Researchers indicated the effects would be long-lasting–possibly lifelong–and may not materialize until well after the child is born.

Researchers also noted that as marijuana plants are increasingly cultivated to contain greater levels of THC, the risk posed to unborn children rises as well.

“During the past decades, selective agriculture of Cannabis spp. resulted in increased THC content at the expense of cannabidiol (Pitts et al, 1992; Pijlman et al, 2005).

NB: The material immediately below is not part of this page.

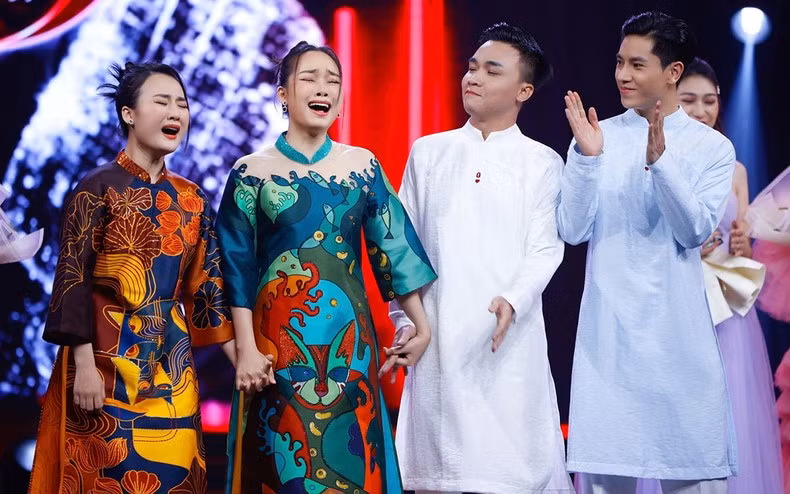 2 nữ ca sĩ xúc động khi biết mình giành ngôi quán quân.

In the context of the present study, this is of particular concern since we predict that higher THC concentrations will be, upon efficient cross‐placental transfer (Grotenhermen, 2003), increasingly detrimental for fetal development and postnatal health. Therefore, irrespective of the legal status of cannabis, caution must be exercised to hinder fetal cannabis exposure due to its unequivical impact on the establishment of synaptic connectivity in neuronal networks underpinning memory encoding, cognition and executive skills.”

This just goes to show, yet again, that marijuana may be a lot of things, but “harmless” simply is not one of them.